As the great state of Missouri would say, “Show me!”
What I would give to be a fly-on-the-wall at the President’s first meeting on Iraq with Democrat leaders. While gracious, he’s also a canny reader of human nature and will likely ask what has become his refrain: “So, what’s your plan to win the Iraq war and by extension the Global War on Terrorism?”
We know his plan now includes infusing “fresh” leadership at the Pentagon with his appointment of former CIA Director Robert M. Gates. And, that’s a good thing! Fresh leadership always is.
And, the Baker commission promises some new thinking. The Pentagon, too, is conducting a stem to stern review.

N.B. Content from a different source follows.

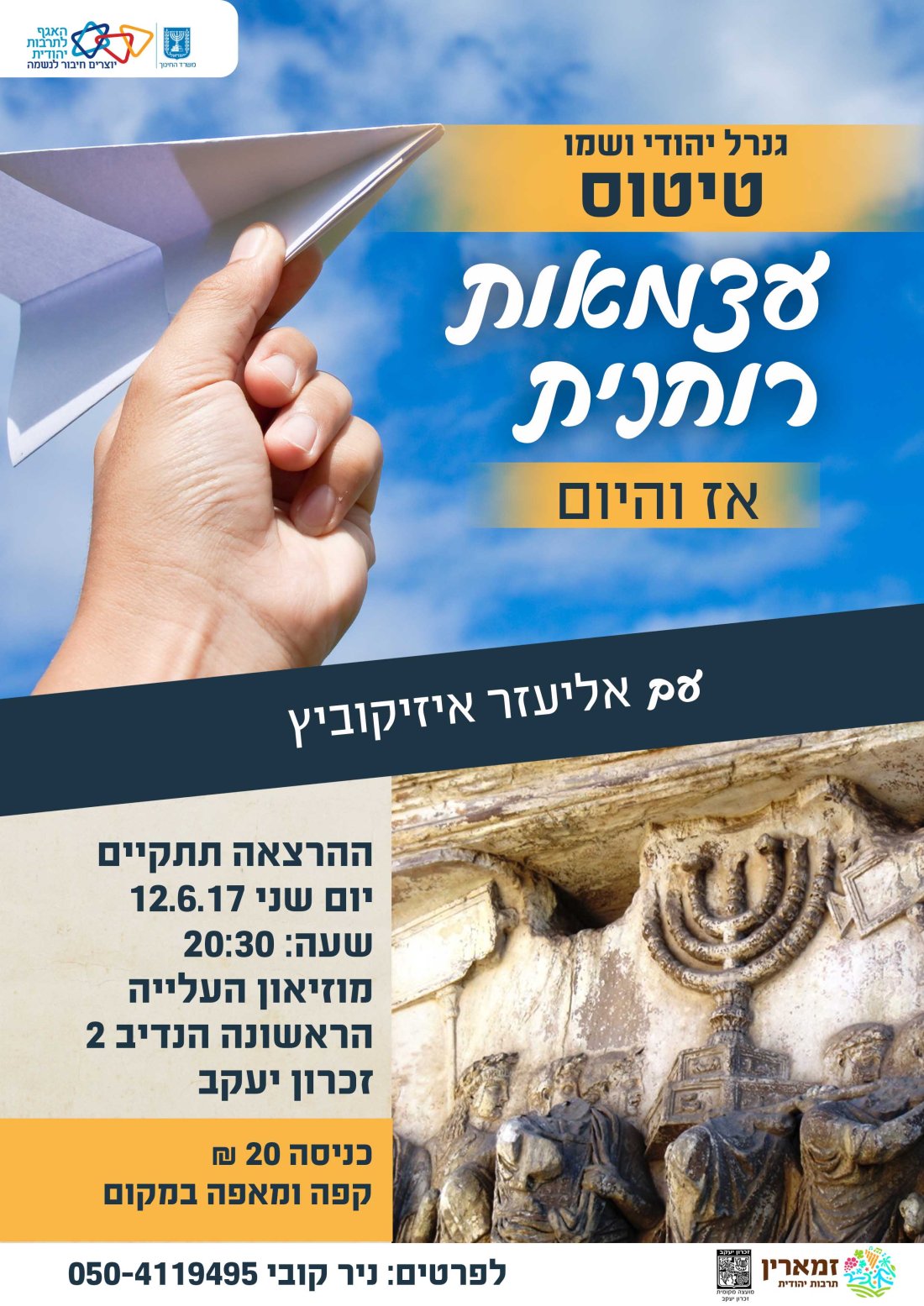 גנרל יהודי ושמו טיטוס עם אליעזר איזיקוביץ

But, the reality is, as Staff Sgt. Mark Brown of the Army’s Joint Personal Effects Depot, who fought in Iraq along with his son, told me, “We’re there. We’re there.”
What are Democrats going to do about this reality on the ground? Withdraw the troops? The Washington Post ran a story on A13 the day before the election reporting, “Soldiers in Iraq Say Pullout Would Have Devastating Results.”

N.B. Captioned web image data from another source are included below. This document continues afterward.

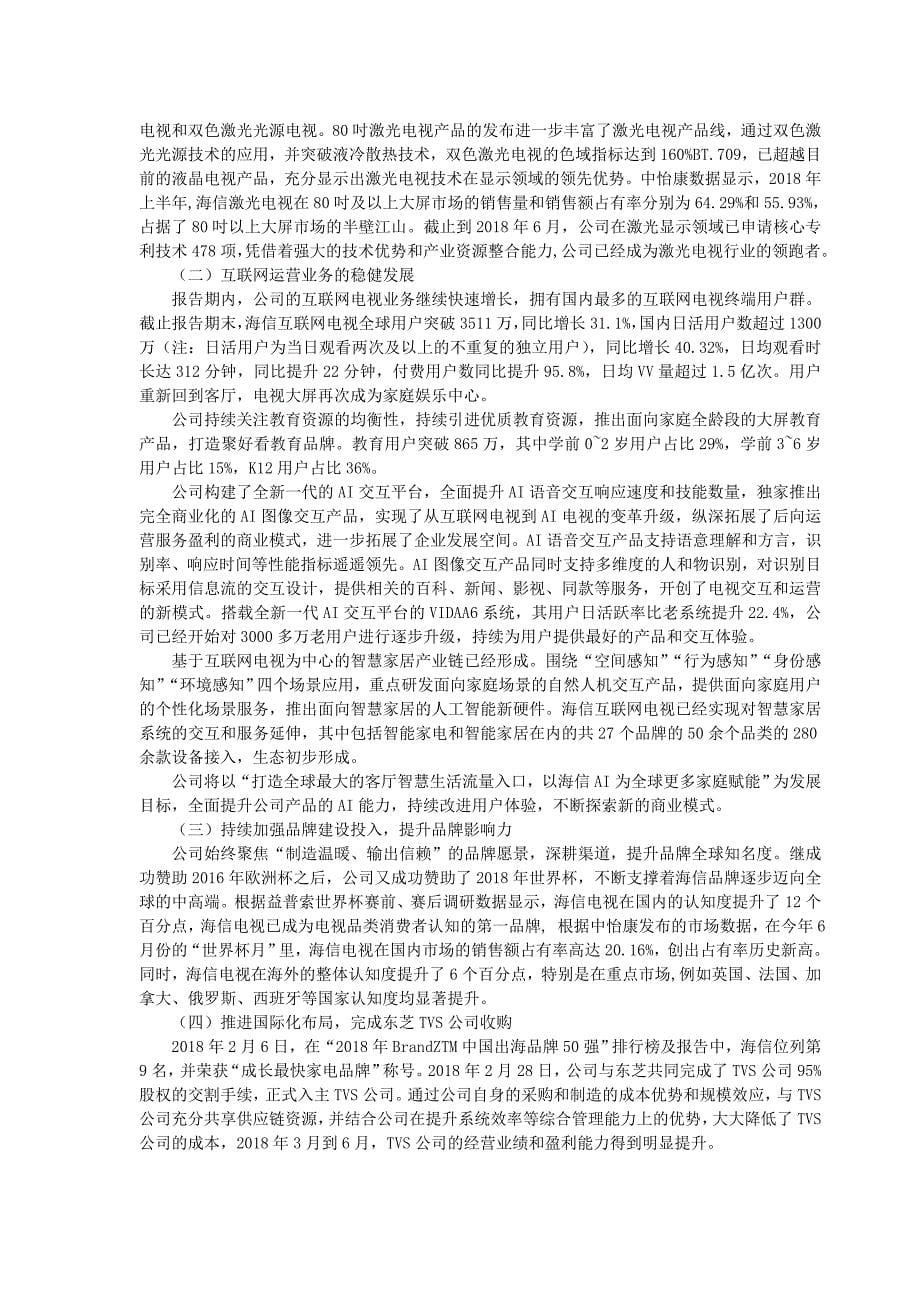 半年报告摘要青岛海信电器股份有限公司_第5页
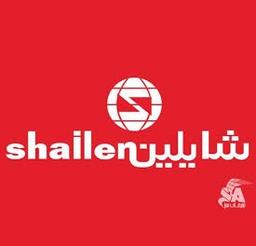 شایلین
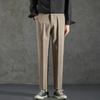 Pantalones de Traje de Cintura Semi-elástica para Hombre, Pantalones Casuales Rectos Negros para Vestir de Negocios, No Necesitan Planchado, Verticales, Nuevos, Combinan con Todo, Modernos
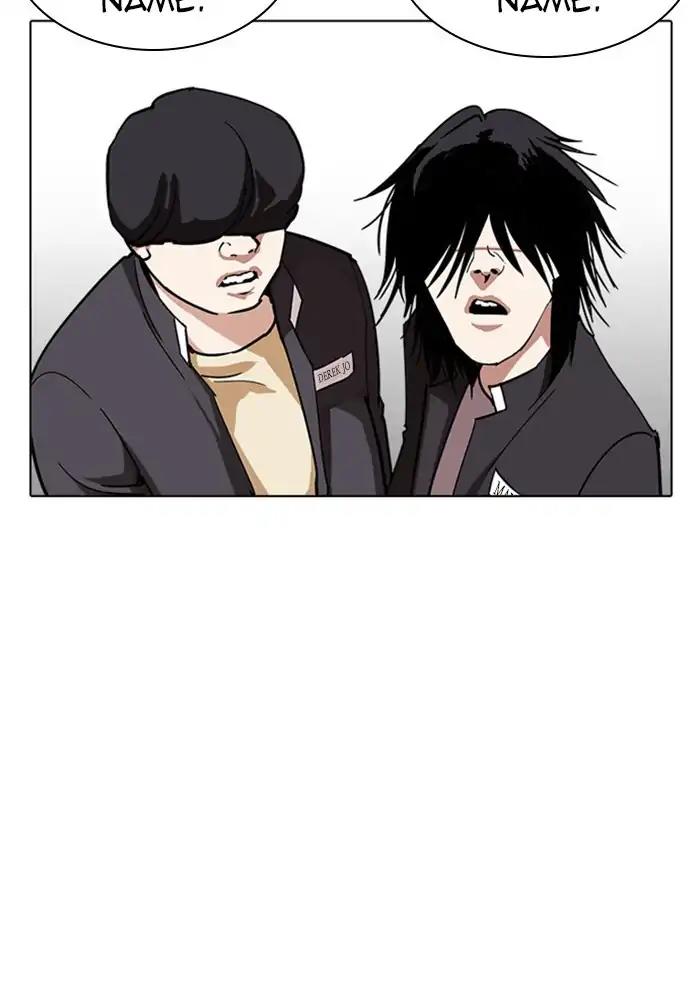 Lookism Chapter 239 - Page 132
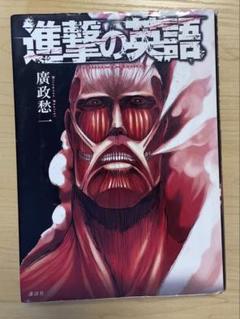 進撃の巨人 英語版 13〜17巻 BOX 未開封 Amazon | 進撃の巨人2 TREASURE BOX (初回特典(エレン&リヴァイ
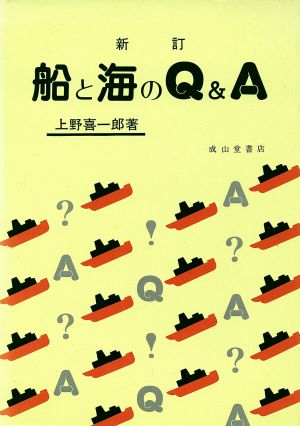 船と海のQ&A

That may be more reality than the Democrats can deal with. They say they want to start withdrawing troops, but are they really ready to assume responsibility for the resulting devastation?

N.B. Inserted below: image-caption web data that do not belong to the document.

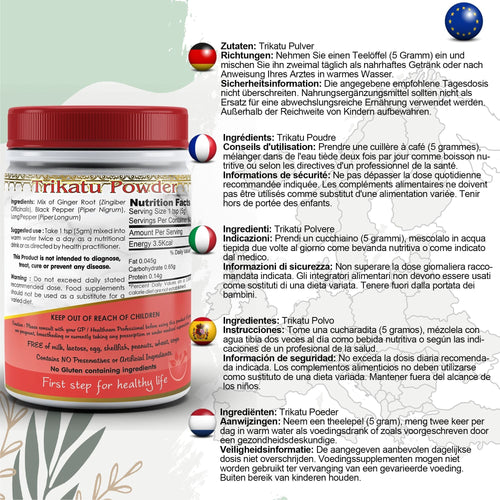 Aushadh Trikatu Powder 100 gram - Digestive Comfort Support-1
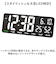 【当該商品送料無料】MAG マグ デジタル時計 掛け時計 置き時計 通販 置時計 掛時計 クロック 時計 壁掛け時計 ウォールクロック デジタル
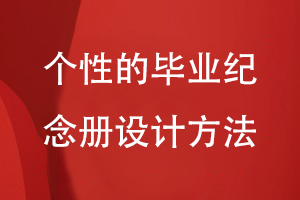 個(gè)性的畢業(yè)紀念冊設計方法
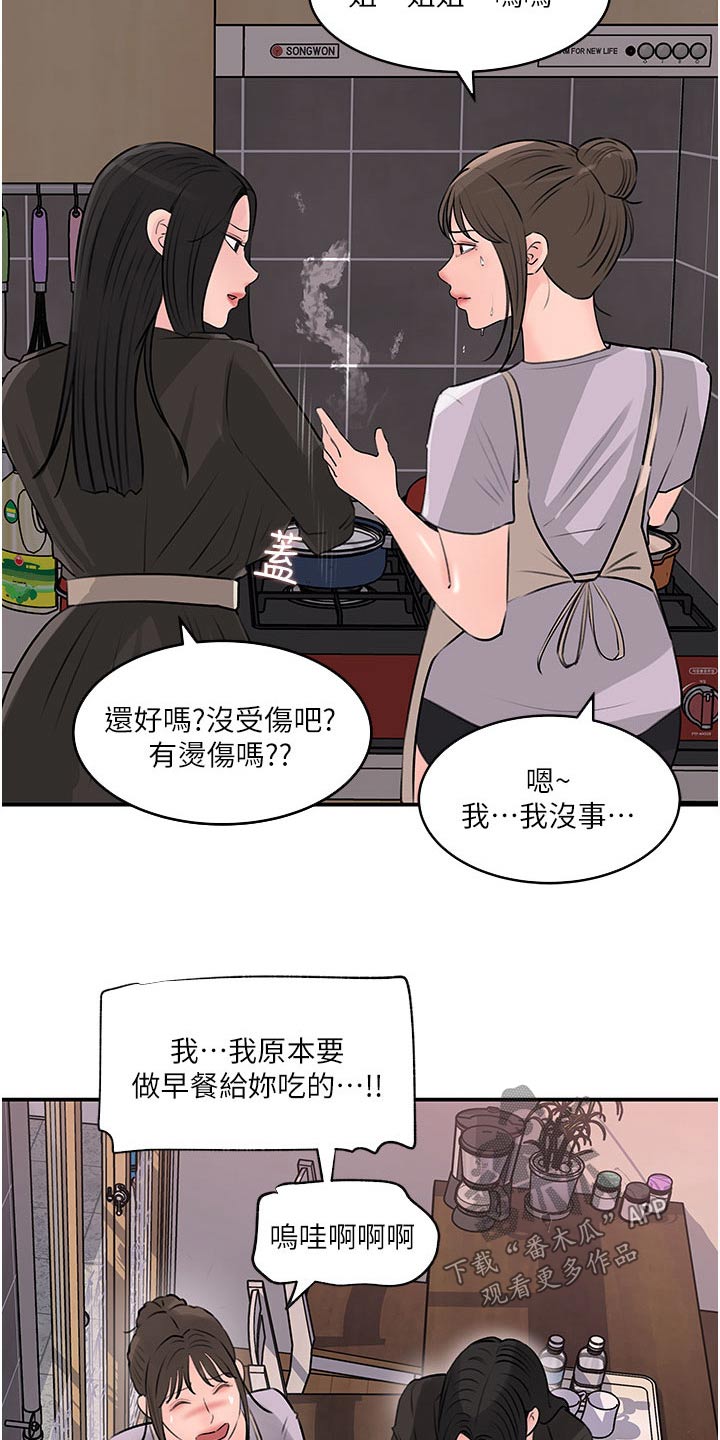 第60章：哭泣19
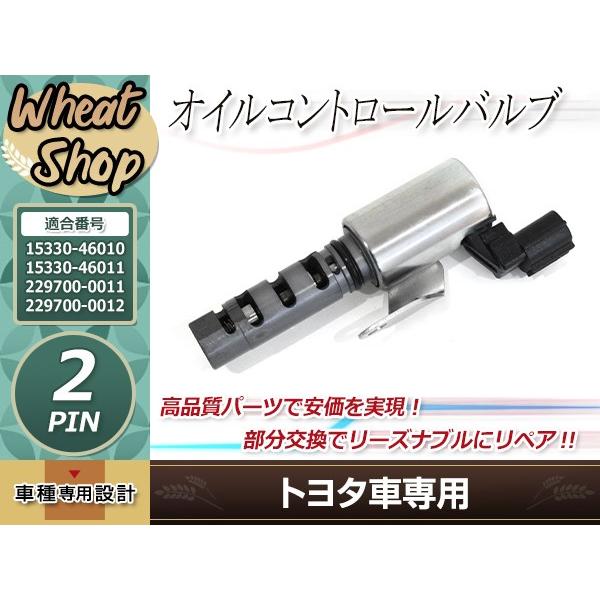 トヨタ チェイサー クレスタ JZX100 JZX101 JZX105 プログレス JCG10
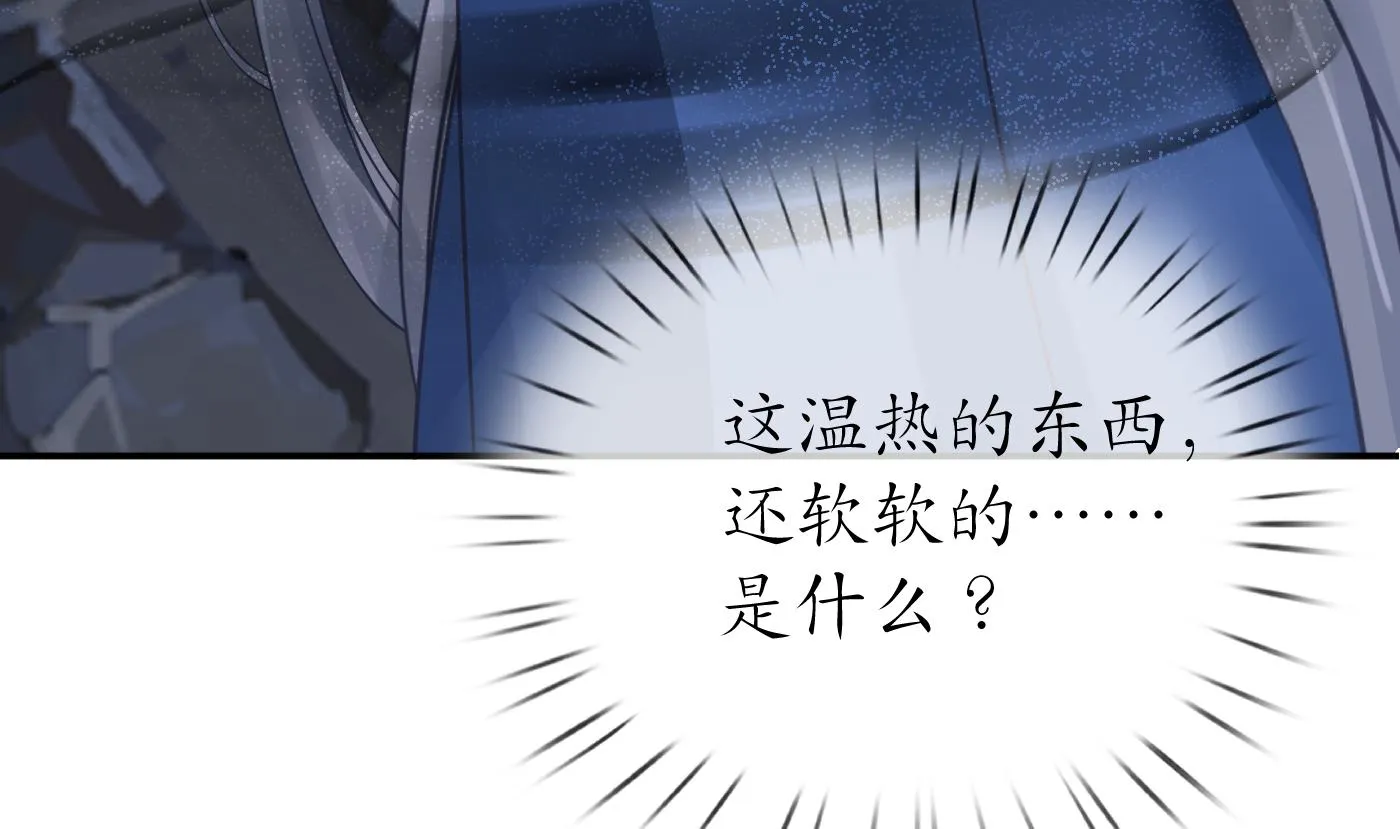 第27话 软软的，什么东西？ 第82页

If, as Andrew Sullivan claimed, this election was an "intervention" for the president to face reality, now it’s the Democrats’ turn. And, what they’ll discover is “reality bites.”
Let’s hope as they grow in their new leadership roles, that divisive government will likewise be swept away Tsunami-like so that together, as a nation, we might finally confront national security threats with clear-eyed realism and unity—working together to come up with solutions, not designed for campaign rallying cries, but that keep faith with and honor the sacrifices our fighting men and women have already rendered.
If not, Democrats should not be surprised if voters give them an “intervention” in 2008.
Oh, and one more quality Americans will look for—courage. The kind of courage that Walter Reed soldier exhibited, who on Memorial Day, in a TV interview, said he was eager to get back to Iraq—to win.
And, the kind of courage on display at Iwo Jima during World War II, immortalized in that image of Marines planting the American flag atop Mount Suribachi. Stunningly portrayed in Clint Eastwood’s "Flags of Our Fathers," the film sears into our consciousness how an image can make all the difference between an America intent on winning and an America resigned to lose.